The author knows of no interferences in the procedure with the exception of tin, whose chlorostannic complex gives a wave at—0.48 volt (vs. a stationary mercury pool). This interference would only be serious if tin were present with enough chloride to form a chlorostannic complex and in such high concentration that its wave would obscure that of the lead, which appears at a more negative potential. If such were the case, a method of separation would have to be used. Kolthoff and Linganet make use of sodium hydroxide for the simultaneous analysis of tin and lead and obtain two widely separated waves, thus eliminating any possibility of obtaining the two waves at approximately the same potential. This method seems very suitable for application in the case of the tin-lead alloys.
Since tin is not encountered in lead plating solutions except possibly as an impurity it would not interfere with the lead determination because its concentration would be so small that no danger of obtaining a coalescing wave with tin would be present.
A typical polarogram of lead in a plating solution is shown in Fig. 1.

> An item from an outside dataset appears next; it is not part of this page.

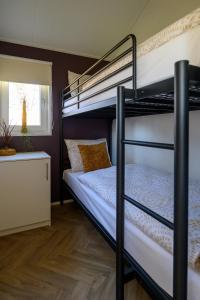 a bedroom with two bunk beds in a room at Chalet Charleston 069 im Heide Resort in Brüggen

TABLE I. DATA FROM POLAROGRAMS OF LEAD PLATING SOLUTIONS OF VARIOUS CONCENTRATIONS*
Conc. of Lead, oz/gal
Diffusion in current in microamperes**
Diffusion current, Microamps per oz/gal**
0
...
...
4
1.09
0.273
8
2.15
0.269
12
3.25
0.271
16
4.32
0.270
20
5.39
0.270
24
6.47
0.270
28
7.57
0.270
Avg. 0.270 ± 0.007
*Lead plating solutions of various concentrations of lead ion in 2M potassium nitrate and gelatin as directed by the procedure in the text. Air removed from the solutions with nitrogen. t = 3.80 sec., m2/3t1/6 = 2.30 mg2/3sec-1/2. Diffusion currents measured at a potential of -0.703 volt with respect to a stationary mercury pool.
**Corrected.

REAGENTS AND APPARATUS
2M Potassium nitrate solution
Gelatin 1 per cent solution
Mercury, triple distilled, for the mercury pool and the dropping electrode
Sargent manual polarograph, Model 3

PROCEDURE
Calibration
A calibration chart was constructed by measuring the diffusion current of several lead plating solutions prepared in the laboratory from analytical reagents This calibration chart is, of course, valid only for the particular instrument and electrode with which it was prepared; if for any reason it becomes necessary to replace the capillary, then the curve must be redetermined. Even if no such replacement is necessary, it is advisable to make regular determinations on standard solutions to determine whether the characteristics of the instrument have varied with time. This is especially important as regards the sensitivity of the galvanometer. The data obtained from these polarograms, and the diffusion current constants calculated therefrom, are shown in Table I. The data from Table I are shown plotted in graph form in Fig. 2.

Lead Plating Solution
Pipette 1.0 ml of sample into a 500 ml volumetric flask. Add 4 ml of a 1 per cent solution of gelatin and dilute with water to the mark. Pipette 5.0 ml of this solution into the polarographic cell and add 5.0 ml of 2M potassium nitrate. Record the polarogram between—0.50 and —1.00 volts, applying a bridge potential of 1.0 volt.

TABLE II. RESULTS OF ANALYSES OF LEAD SOLUTIONS*

Solution No. Amount Added Volumetric Method Polarographic Method
1 27.2 27.1 27.1
2 25.7 25.6 25.4
3 20.8 20.7 20.9
4 25.0 24.8 24.9
5 23.5 23.5 23.3
*Concentration of lead expressed in oz/gal.

RESULTS AND DISCUSSION
Table II shows the agreement obtained between the polarographic and gravimetric methods for the analysis of lead in some plating solutions. The figures show that the method gives results in agreement with the gravimetric values to within less than 2 per cent in the range of concentrations studied. Such accuracy is perfectly adequate for the purpose of routine control of the lead plating baths.

LITERATURE CITED
Kolthoff and Lingane, “Polarography”, Interscience Publishers, Inc.